Brief - Exactly the lines from the beginning of the records to the line with "Hi, everyone. Welcome", both ends included, are to be given again, and pictures are to be left out.
--- Data supplied ---
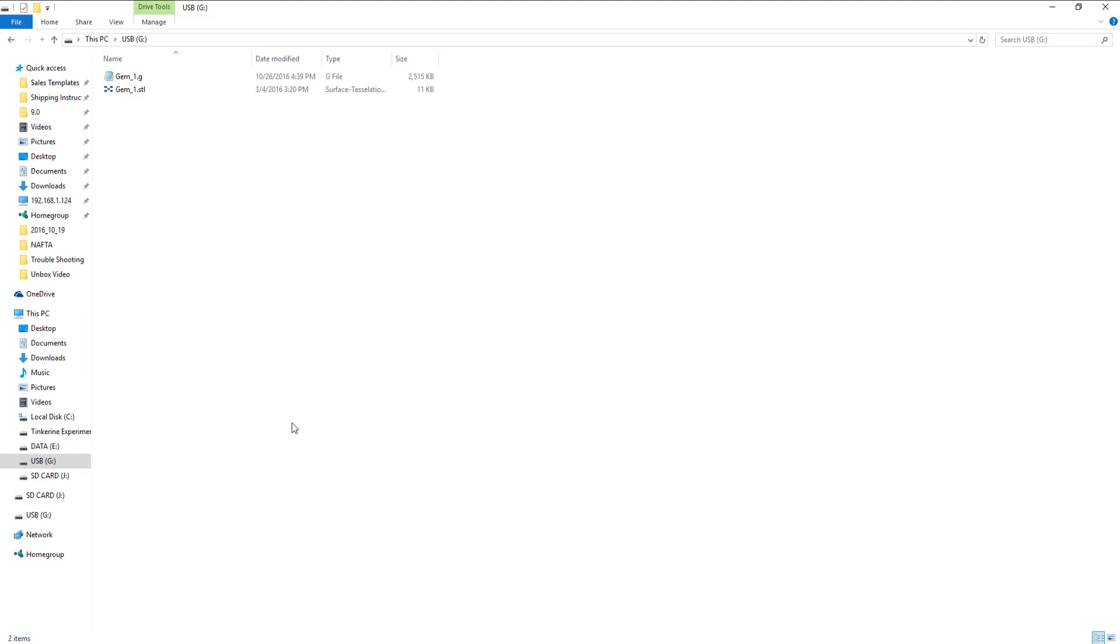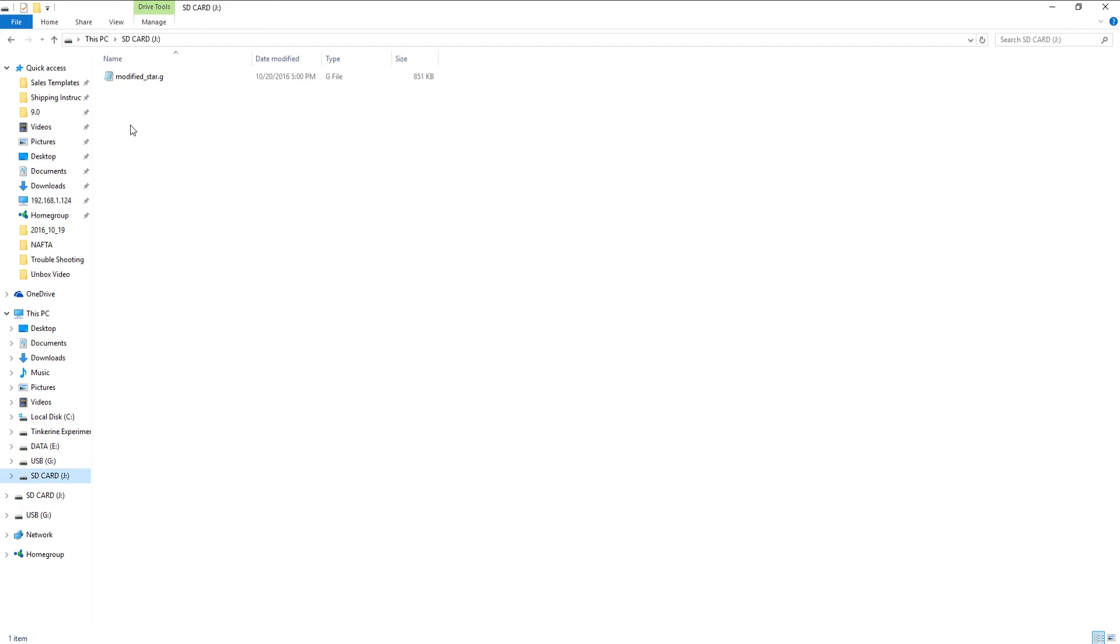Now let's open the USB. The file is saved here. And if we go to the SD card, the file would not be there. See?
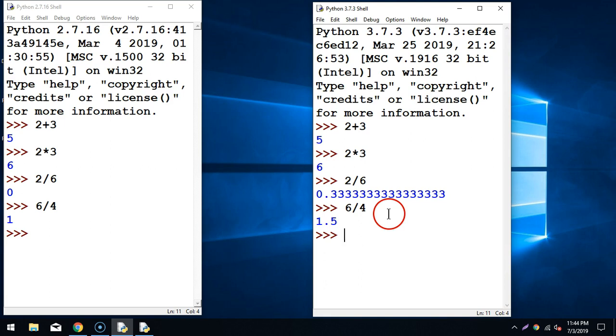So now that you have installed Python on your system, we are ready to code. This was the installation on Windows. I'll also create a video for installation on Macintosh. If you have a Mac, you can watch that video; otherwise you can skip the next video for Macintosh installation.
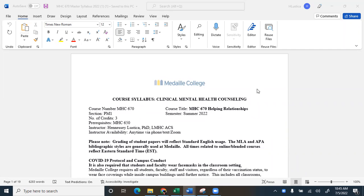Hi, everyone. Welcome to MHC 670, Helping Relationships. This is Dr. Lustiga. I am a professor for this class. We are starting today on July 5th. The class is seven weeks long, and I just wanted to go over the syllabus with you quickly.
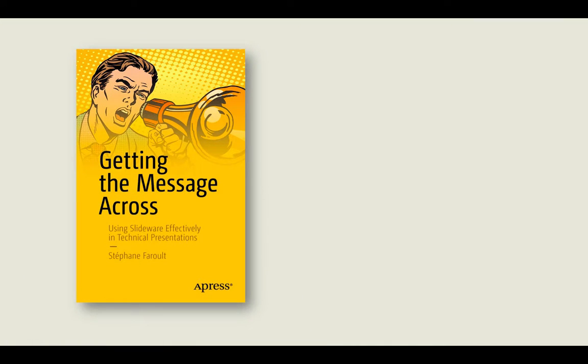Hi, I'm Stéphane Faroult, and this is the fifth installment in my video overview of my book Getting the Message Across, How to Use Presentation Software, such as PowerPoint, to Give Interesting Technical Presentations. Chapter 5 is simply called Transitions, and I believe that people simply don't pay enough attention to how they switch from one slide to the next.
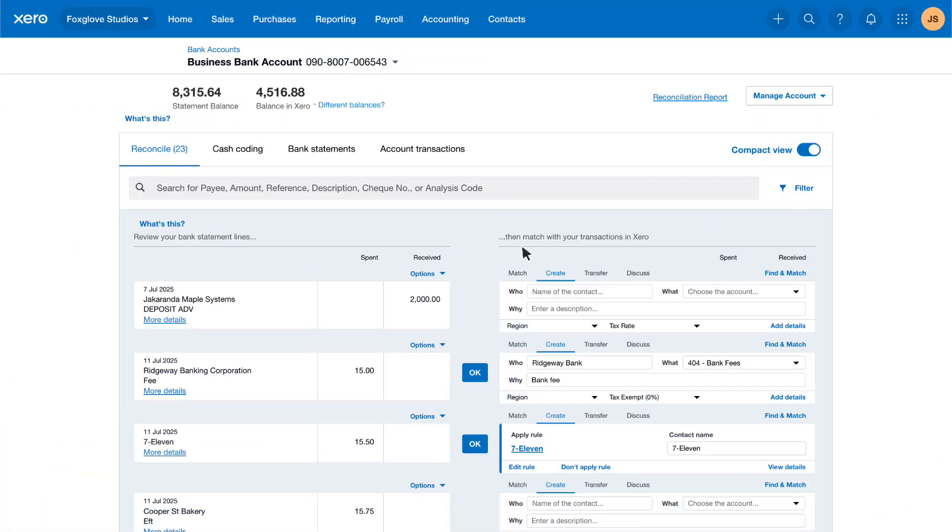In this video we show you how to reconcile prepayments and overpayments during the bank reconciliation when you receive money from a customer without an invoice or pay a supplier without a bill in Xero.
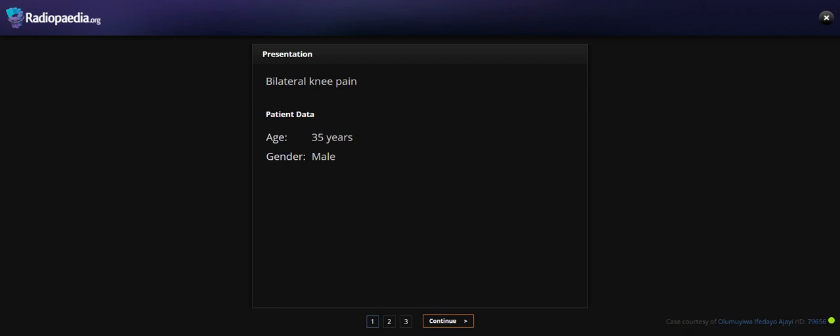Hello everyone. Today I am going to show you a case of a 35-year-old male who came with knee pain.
---
Worked solution -
Now let's open the USB. The file is saved here. And if we go to the SD card, the file would not be there. See?
So now that you have installed Python on your system, we are ready to code. This was the installation on Windows. I'll also create a video for installation on Macintosh. If you have a Mac, you can watch that video; otherwise you can skip the next video for Macintosh installation.
Hi, everyone. Welcome to MHC 670, Helping Relationships. This is Dr. Lustiga. I am a professor for this class. We are starting today on July 5th. The class is seven weeks long, and I just wanted to go over the syllabus with you quickly.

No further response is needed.